(Beginning of Records supplied)
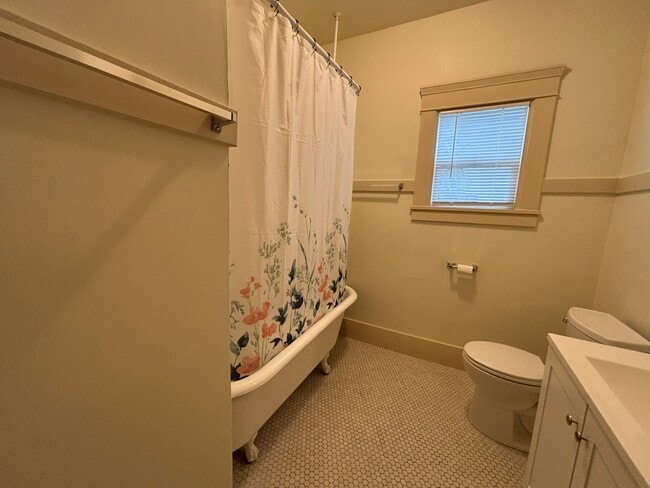 Building Photo - 33 E Alder St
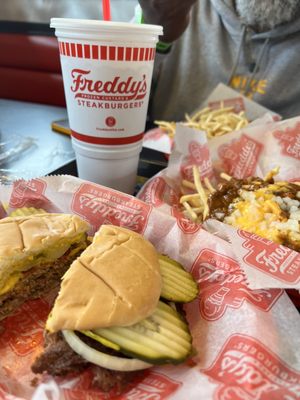 Freddy's Frozen Custard & Steakburgers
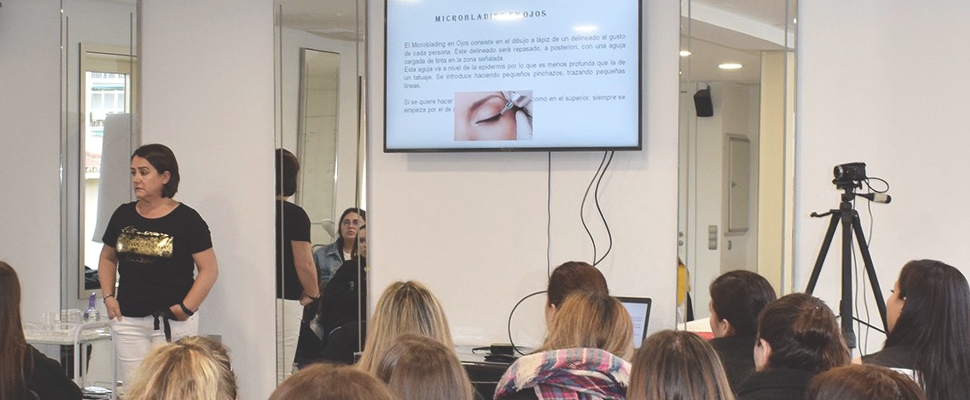 Seminario de Microblading para el alumnado de Estética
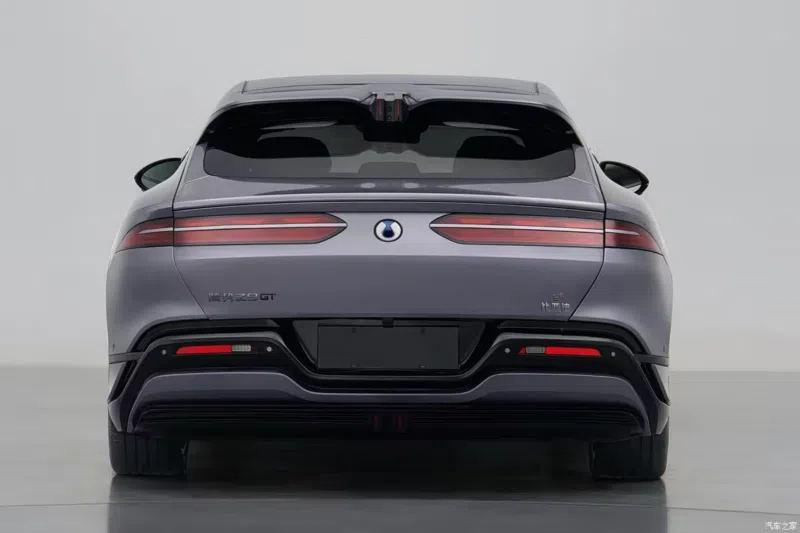 دينزا Z9 وZ9 GT ترفعان سقف السيارات الكهربائية في الصين: مدى يتجاوز 1000 كم وقوة تصل إلى 1140 حصانًا 5 شبكة السيارات الصينية – دينزا Z9 وZ9 GT ترفعان سقف السيارات الكهربائية في الصين: مدى يتجاوز 1000 كم وقوة تصل إلى 1140 حصانًا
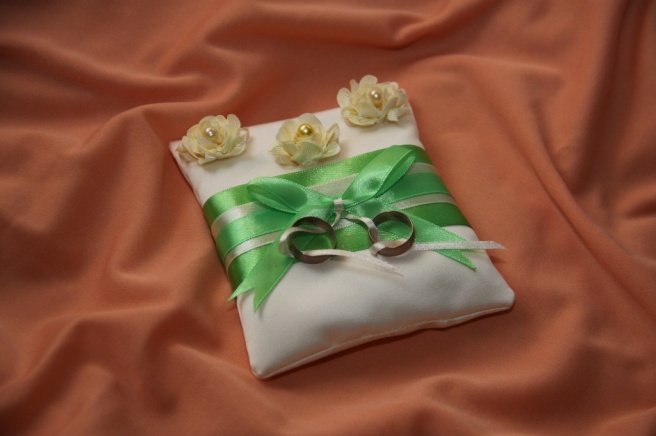 Подушка для колец "Клео" зеленая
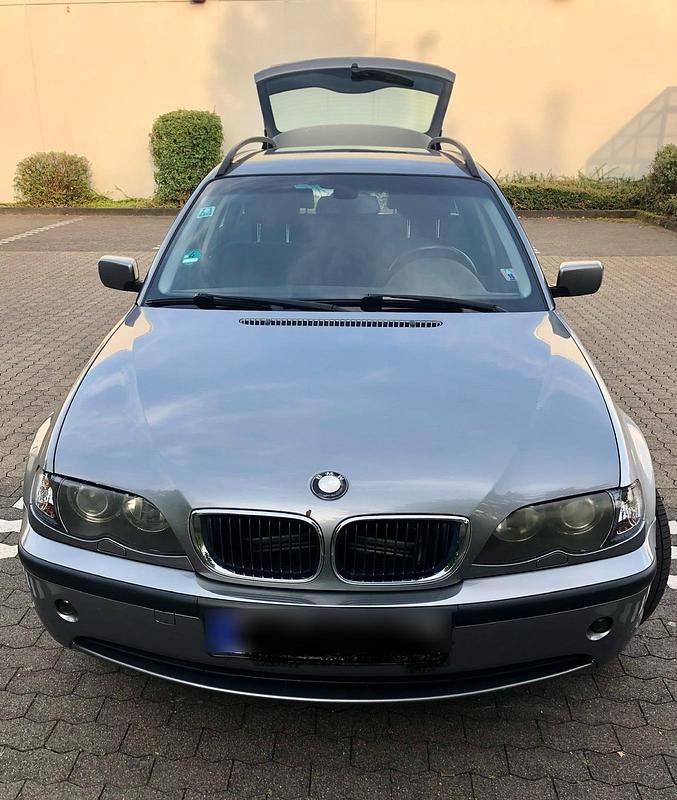 Silber Gebraucht 2004 BMW 320 Comfort Edition Kombi | 3.400 € (Etwas zu teuer) - Bild 1/4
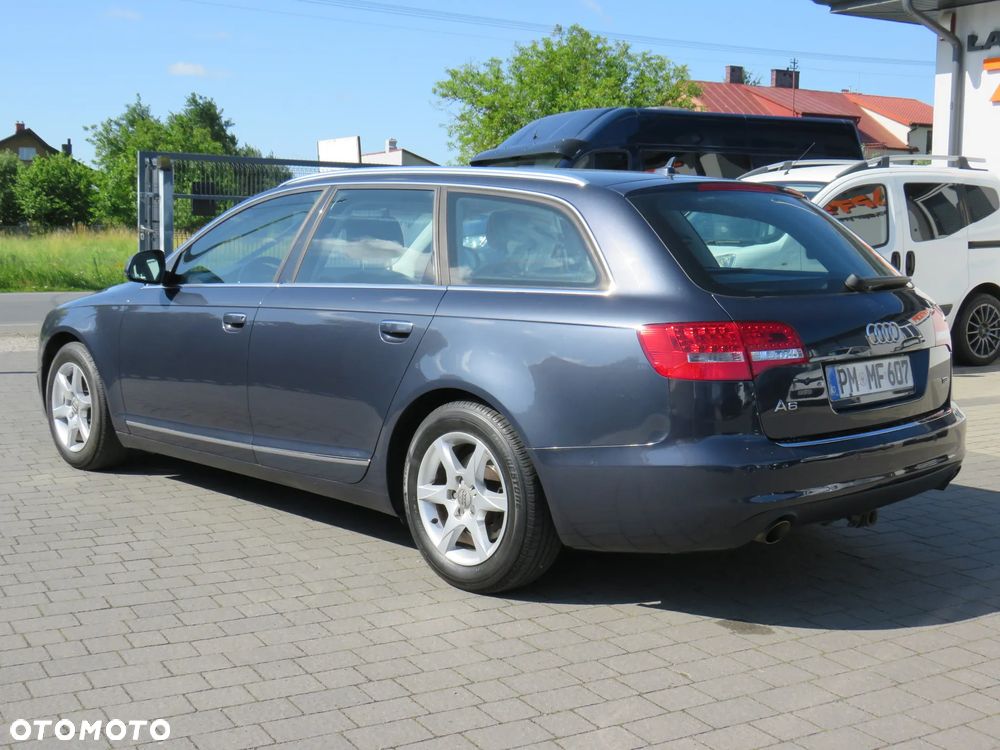 Audi A6 Avant - 17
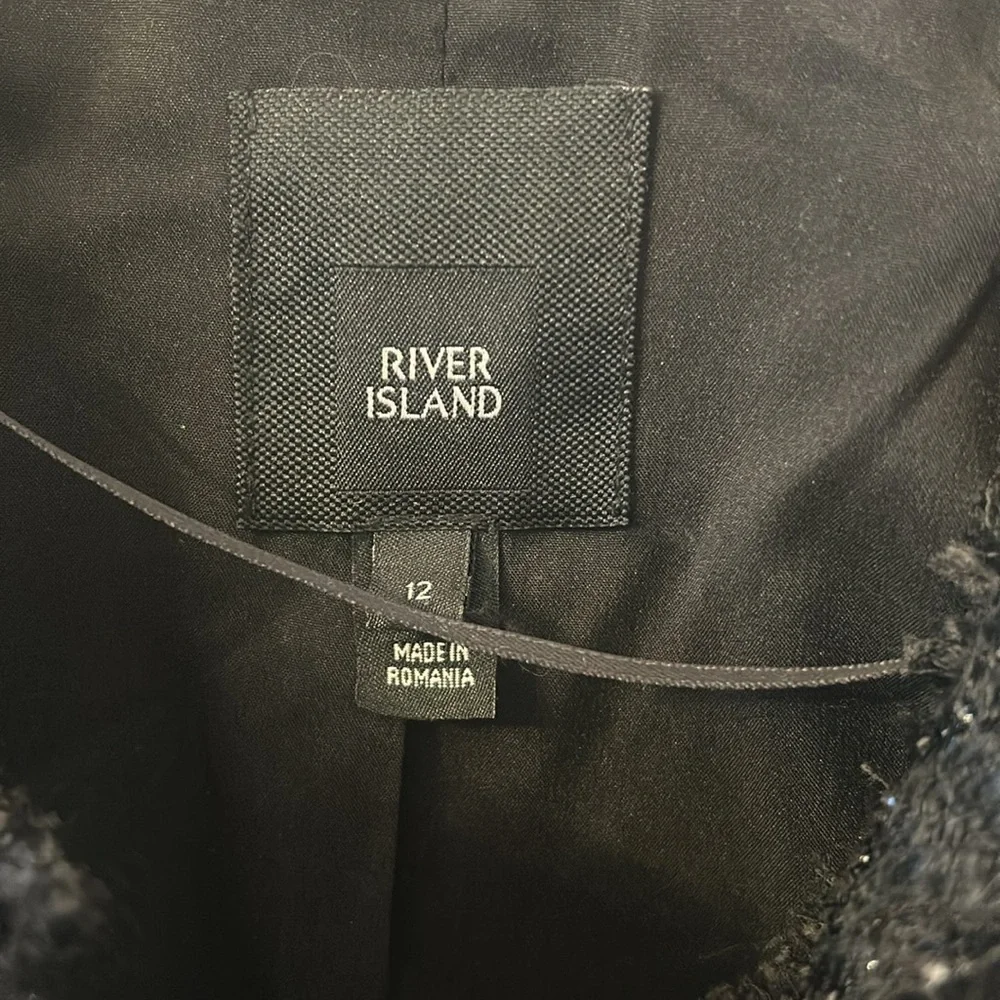 River Island Black Button Front Tweed Boucle Blazer Jacket Size 12 - Picture 6 of 7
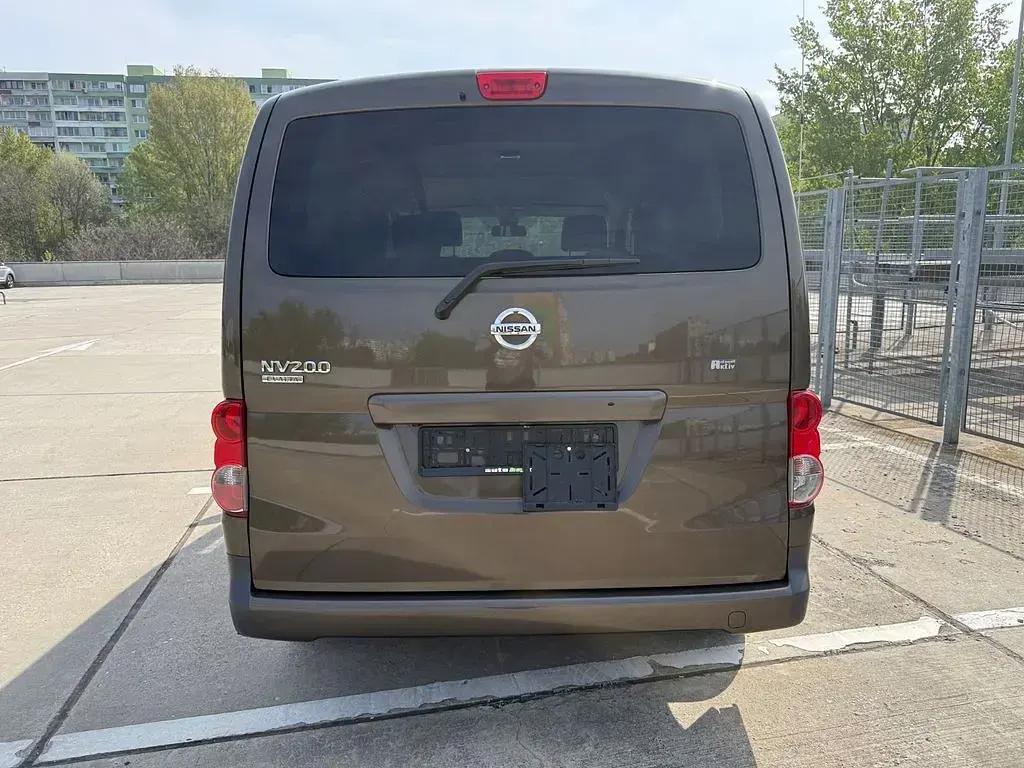 Gebraucht Nissan Evalia 110 PS (80 kW) 2016 Braun Van / Kleinbus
(End of Records supplied)
• _What the task requires_
Each line from the one with "Silber Gebraucht 2004" through the end of the entries should be reproduced exactly. Leave out the pictures.

• _Answer for this exercise_
 Silber Gebraucht 2004 BMW 320 Comfort Edition Kombi | 3.400 € (Etwas zu teuer) - Bild 1/4
 Audi A6 Avant - 17
 River Island Black Button Front Tweed Boucle Blazer Jacket Size 12 - Picture 6 of 7
 Gebraucht Nissan Evalia 110 PS (80 kW) 2016 Braun Van / Kleinbus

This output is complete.